Grund und Pinno brachten zudem an allen vier Turmseiten eine Uhr mit beleuchteten Ziffern und Zeigern an. Auch Schulte nahm die Uhren zunächst in seine Wiederaufbaupläne auf, löste sich in einigen undatierten Ansichten. aber von der Sachlichkeit des Vorbildes und experimentierte mit verspielteren Zeigern. Einige Ansichten des Turms, teils auf 1960 datiert, zeigen ihn letztlich ohne Uhr, was die massiven Sichtbetonflächen noch mehr in den Vordergrund stellt. Eine Fassade, die bis heute eine denkmalpflegerische Herausforderung darstellt. Bereits in Schultes Akten aus den Jahren um 1960 finden sich umfangreiche Korrespondenzen zu Schäden am Beton. In diesem Zuge wurden Fotografien zwischen Schulte und den Herstellern versendet, auf denen man den Turm direkt nach seiner Fertigstellung sieht. Ebenso wird ersichtlich, wie Wasser an Betonfassaden mit großen Glasfenstern zu einem fortwährenden Problem werden kann. In den Jahren danach finden sich immer wieder Korrespondenzen über die Instandhaltung und eine Sammlung unterschiedlicher Lösungen, die den Erhalt der Sichtbetonfassade ermöglichen sollen. Letztlich musste der Turm jedoch verputzt werden, um ihn vor weiteren Schäden zu schützen. Da in den Turm von St. Nicolai nur Treppenpodeste aber keine Geschosse eingezogen sind, birgt er ein eindrucksvolles Raumerlebnis. Man blickt vom Boden an den Sichtbetonwänden entlang bis in das Glockengeschoss hinauf.

Turmvarianten

Und auch in der Stadtkirche St. Reinoldi überraschen Sichtbetonwände im Inneren des wiederaufgebauten Turms.
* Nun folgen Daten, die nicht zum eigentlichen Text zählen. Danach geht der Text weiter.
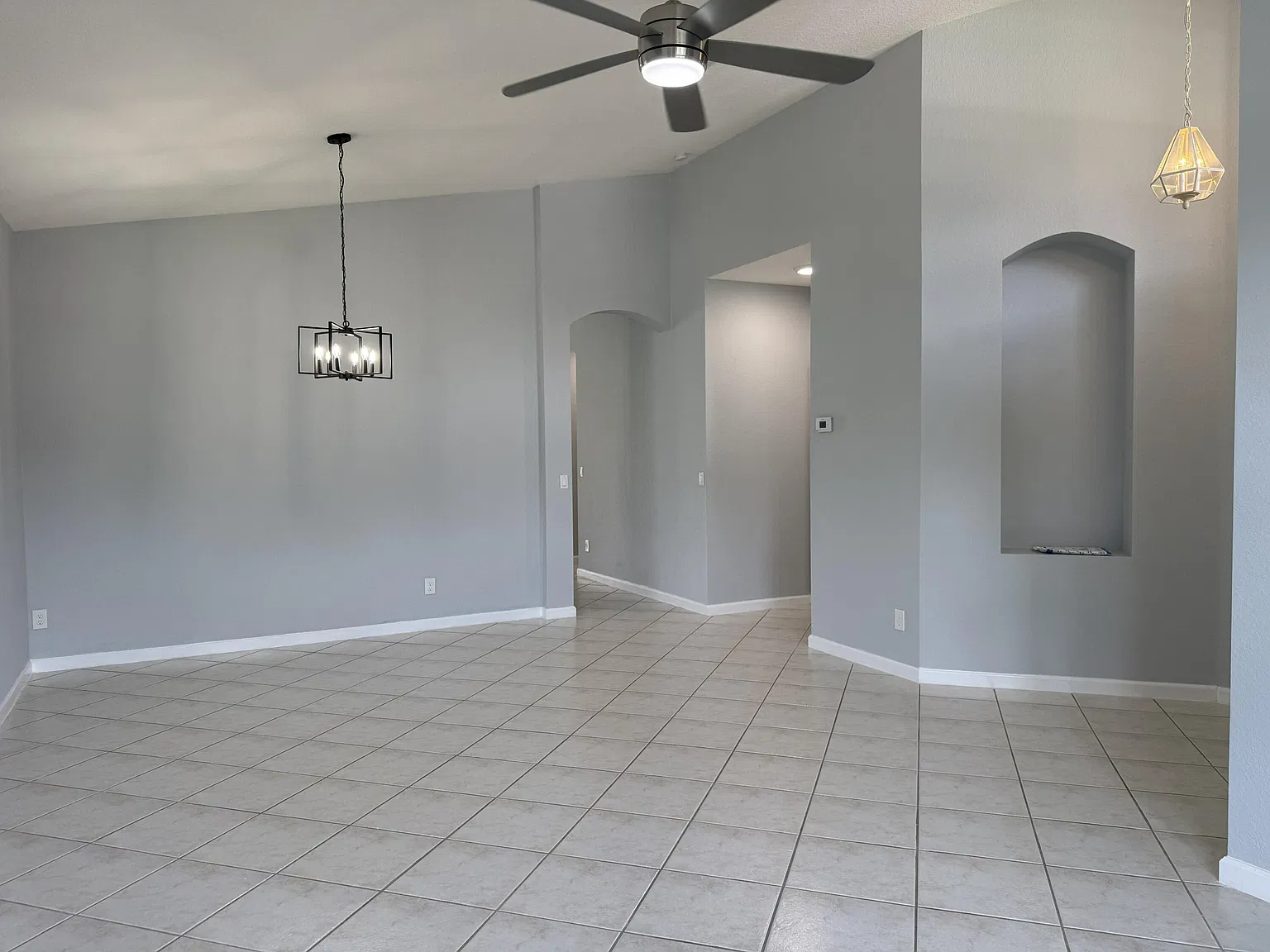 3 bed, 2.0 bath, 1828 sqft, $3,395 — Photo 4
Mit einer Höhe von 112 Metern im 15.  Jahrhundert als »Wunder von Westfalen« gepriesen, stürzte er 1661 erstmals ein und wurde – nun mit barocker Haube – neu errichtet. 1944 wurde St. Reinoldi bei einem Luftangriff bis auf die Seitenmauern zerstört, und der Turm brach bis etwa zur Hälfte ein. Damit verlor die Dortmunder Innenstadt eine Landmarke, die – noch wesentlich länger als der Turm von St. Nicolai – ein wichtiger urbaner Orientierungspunkt und vor allem städtisches Identifikationsmerkmal gewesen war. Es ist daher kaum verwunderlich, dass die Bevölkerung reges Interesse am Wiederaufbau der Kirche zeigte und sie über die äußere Gestalt des Turms 1948 in einer Zeitungsumfrage abstimmen konnte. Im Bestand Herwarth Schultes finden sich dazu Vorschläge zu Turmvarianten von unterschiedlichen Architekten. Darunter ein Blatt, auf dem Entwürfe von Herwarth Schulte und Peter Grund nebeneinanderstehen.

Abweichung vom Vorbild

Der wiederaufgebaute Turm ähnelt in seiner barocken Form dem Vorgängerturm, wurde aber mit noch höher hinaufstrebendem Oktagon und höherer Haube umgesetzt. Im Inneren entschied Herwarth Schulte sich hingegen für eine deutliche Abweichung vom barocken Vorbild, indem er die Betonverschalung nicht verdeckte, sondern sie als konstruktiven Teil und deutliches Zeichen des Wiederaufbaus (#Baukunstarchiv NRW) sichtbar ließ. Mittelalterliche Bausubstanz und an die mittelalterlichen Strukturen angepasste Neugestaltungen treffen in St. Reinoldi an Baunähten aufeinander, die oft nur für Fachleute erkennbar sind. Der Sichtbeton im Turm bezeugt hingegen für jeden ersichtlich den Status als wiederaufgebaute Kirche. Vor der Verlegung des Haupteingangs vom Westportal an die Südfassade war die betonverkleidete Turmhalle das Erste, was Besucher:innen vom Inneren der Kirche erblickten.